This way of thinking of Christ is analogous to thinking about the Bible. In the same way that Jesus is—must be—both God and human, the Bible is also a divine and human book. Although Jesus was “God with us,” he still completely assumed the cultural trappings of the world in which he lived. In fact, this is what is implied in “God with us.” Perhaps this is part of what the author of Hebrews had in mind when he said that Christ was “made like them, fully human in every way” (Heb. 2:17). Jesus was a first-century Jew. The languages of the time (Hebrew, Greek, Aramaic) were his languages. Their customs were his customs. He fit, he belonged, he was one of them.
So too the Bible. It belonged in the ancient worlds that produced it. It was not an abstract, otherworldly book dropped out of heaven. It was connected to and therefore spoke to those ancient cultures. The encultured qualities of the Bible, therefore, are not extra elements that we can discard to get to the real point, the timeless truths. Rather, precisely because Christianity is a historical religion, God’s word reflects the various historical moments in which Scripture was written. God acted and spoke in history. As we learn more and more about that history, we must gladly address the implications of that history for how we view the Bible, that is, what we should expect from it.

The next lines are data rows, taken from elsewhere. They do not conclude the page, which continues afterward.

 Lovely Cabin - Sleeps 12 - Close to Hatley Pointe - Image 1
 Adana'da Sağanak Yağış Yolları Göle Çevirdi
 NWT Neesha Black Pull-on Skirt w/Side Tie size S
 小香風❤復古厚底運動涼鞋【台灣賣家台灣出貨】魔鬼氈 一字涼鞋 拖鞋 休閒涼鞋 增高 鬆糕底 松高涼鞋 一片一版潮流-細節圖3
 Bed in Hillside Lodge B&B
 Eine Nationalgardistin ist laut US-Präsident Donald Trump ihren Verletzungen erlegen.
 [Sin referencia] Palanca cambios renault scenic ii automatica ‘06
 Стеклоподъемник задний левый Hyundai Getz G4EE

This way of thinking about the Bible is referred to differently by different theologians. The term I prefer is incarnational analogy: Christ’s incarnation is analogous to Scripture’s “incarnation.” As with any analogy, one could highlight places where the analogy does not quite fit. Moreover, we must reckon with the incarnation of Christ itself being mysterious; one could rightly question the merit of using an ultimately unexplainable entity to explain something else! That being said, my starting point is the orthodox Christian confession, however mysterious it is, that Jesus of Nazareth is the God-man. The long-standing identification be...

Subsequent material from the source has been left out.